Function Call Syntax

This is probably the first and the hardest obstacle in reading Haskell code fluently: There is no special syntax for function application. Any set of identifiers separated by spaces is a function call. For instance:

a b c d e
is a call to function a with arguments b, c, d, and e. If you use parentheses it's only to delimit individual arguments (if they are expressions); and commas are used to separate tuple elements. So if you see something like this:
f (a, b, c)
you interpret it as a call to (application of) a function f to just one argument -- a tuple of three elements. It's very important to train your eyes to look for spaces. They separate functions from their arguments and arguments from each other.

When an argument to a function is a result of another function application, you have to use parentheses for that. For instance,

a b (c d)
means the function a acting on two arguments, b and (c d), which itself is an application of function c to d. There is a way to omit the parentheses in the above by using the operator $ (dollar sign):
a b $ c d
A $ is interpreted as: What follows is the last argument to the function you're calling.

In this tutorial we've seen examples of function calls. Here's one:

defaultLayout [whamlet|
  Welcome to the Pigsty!

The argument to the function defaultLayout is split over several lines, but it could be written in one line as well:

defaultLayout [whamlet| Welcome to the Pigsty!|]

Here's another example:

warpDebug 3000 Piggies

The third one is a little tricky, since the function mkYesod is a Template Haskell function, but the syntax is the same (I condensed it to one line):

mkYesod "Piggies" [parseRoutes| / HomeR GET|]

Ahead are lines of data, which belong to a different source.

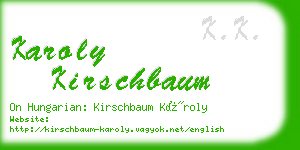 karoly kirschbaum business card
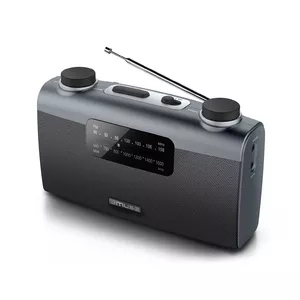 Portable radio Muse M-058 R — AM/FM, rotary volume, battery or AC (230V, 50Hz), black/grey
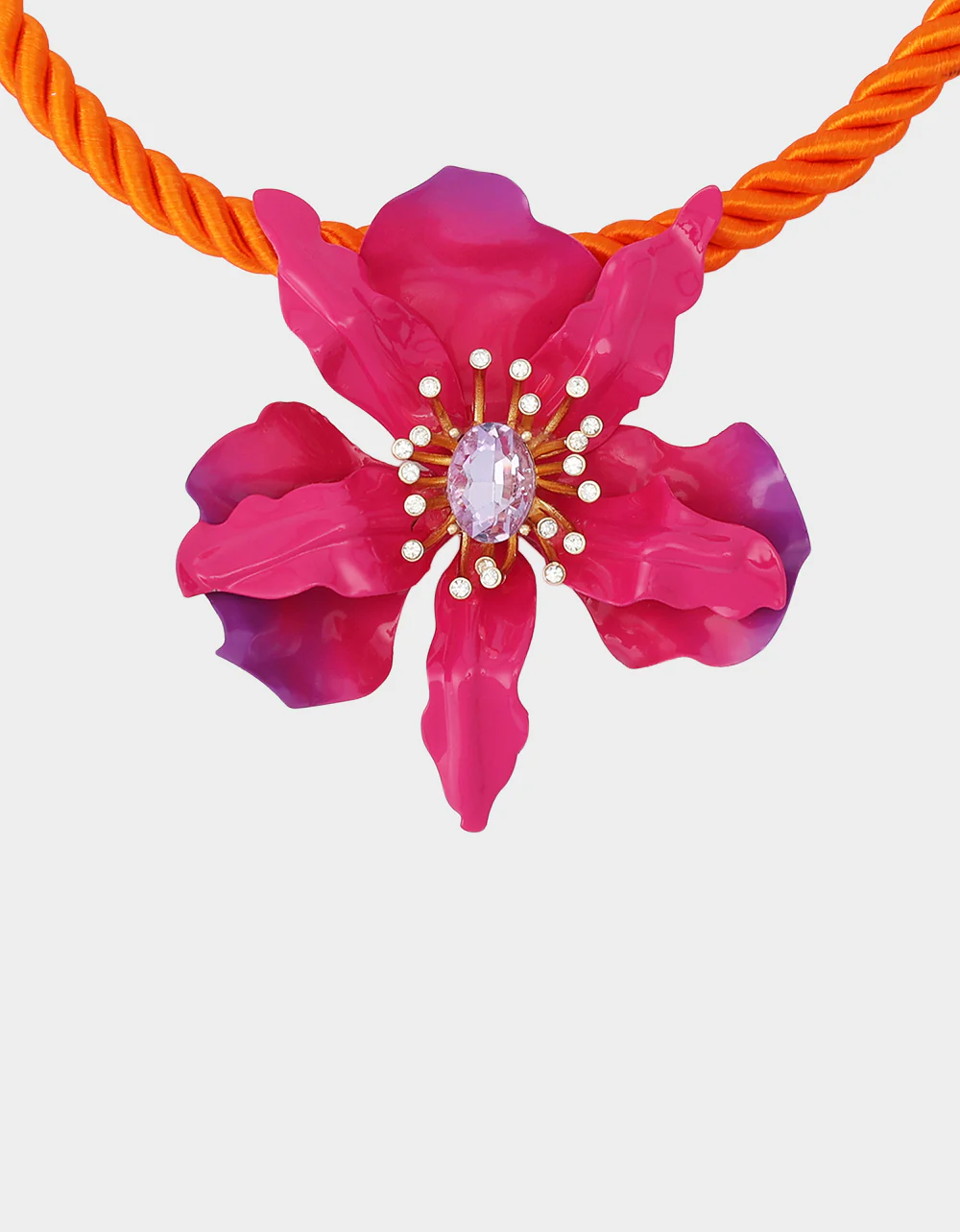 ORCHID SHORT PENDANT NECKLACE PINK - Image 3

Function Definition Syntax

A function definition:
  • starts with the name of the function,
  • followed by its formal parameters separated by white spaces,
  • an equal sign,
  • and an expression that is the body of the function.
You should be able to parse this line of code:
a b c = d e f
It's a definition of the function a that takes two formal parameters, b and c. The body of this function is a call to d with two arguments, e and f. Of course, the use of short meaningless names is not encouraged in Haskell but I do it here to help you prime your internal parser.

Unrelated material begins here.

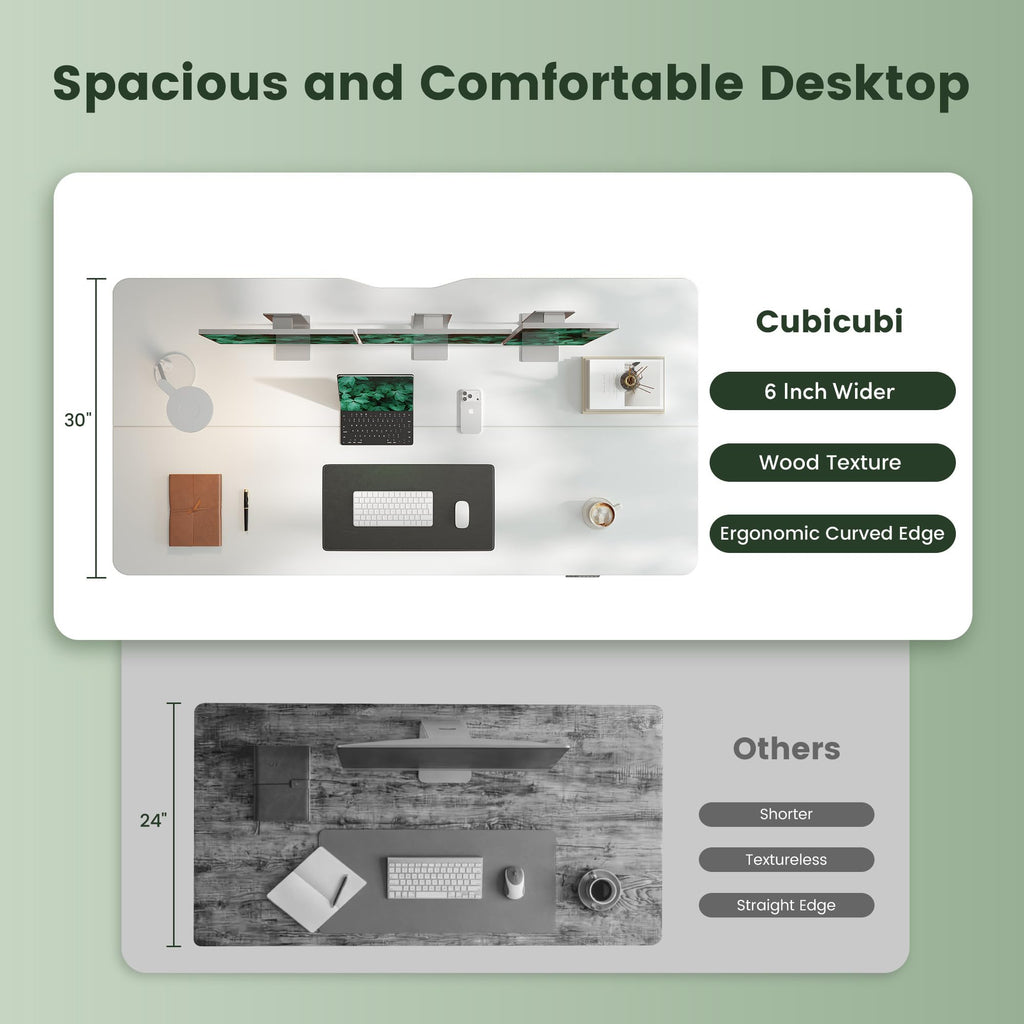 55x30 Large Electric Standing Desk, 30" Deep Desktop, White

In this tutorial there are two function definitions, getHomeR and main:

getHomeR = defaultLayout [whamlet|Welcome to the Pigsty!|]

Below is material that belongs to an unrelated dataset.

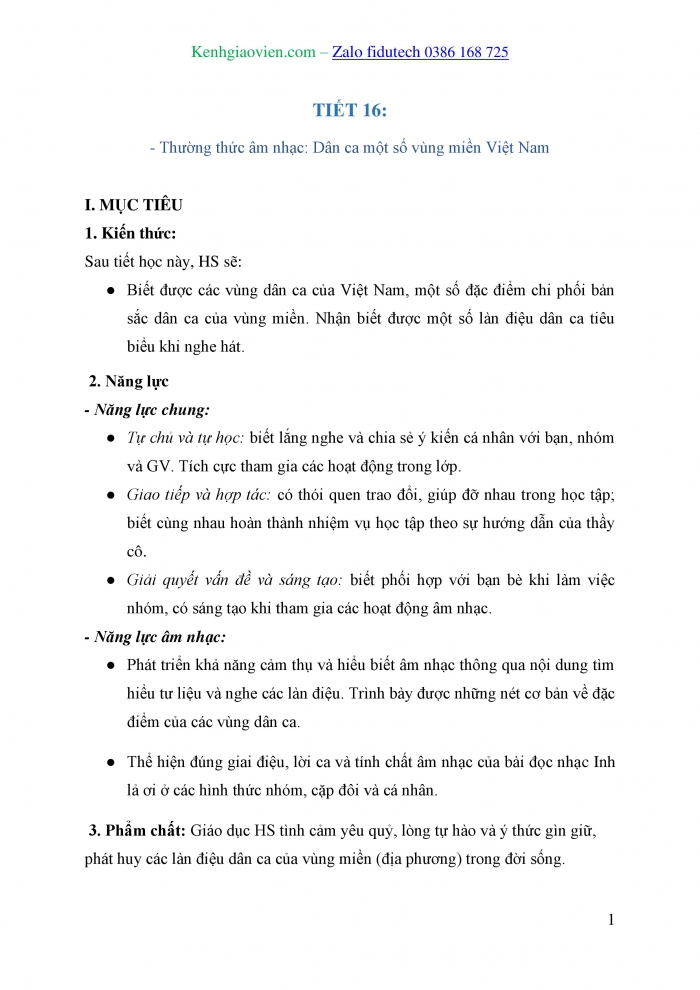 Giáo án và PPT Âm nhạc 7 kết nối Tiết 16: Thường thức âm nhạc Dân ca một số vùng miền Việt Nam, Ôn tập Bài đọc nhạc số 3 - Inh lả ơi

main = warpDebug 3000 Piggies

In both definitions the expression on the right hand side of the equal sign is another function call.

The function main is the entry point of the program (just like in C++).


You would probably like to play with Yesod. You can find instructions on how to install Haskell Platform and Yesod on Windows, Linux, or the Mac in this Quickstart Guide. A book on Yesod by Michael Snoyman is available both online and on paper. Or, if it's too much effort, you may wait for an interactive tutorial coming soon to the FP Complete site. To try the program from this tutorial, create a file main.hs and paste the source into it. You can then load the file into the interpreter GHCi, run it from command line using runhaskell main, or compile it with GHC main.hs.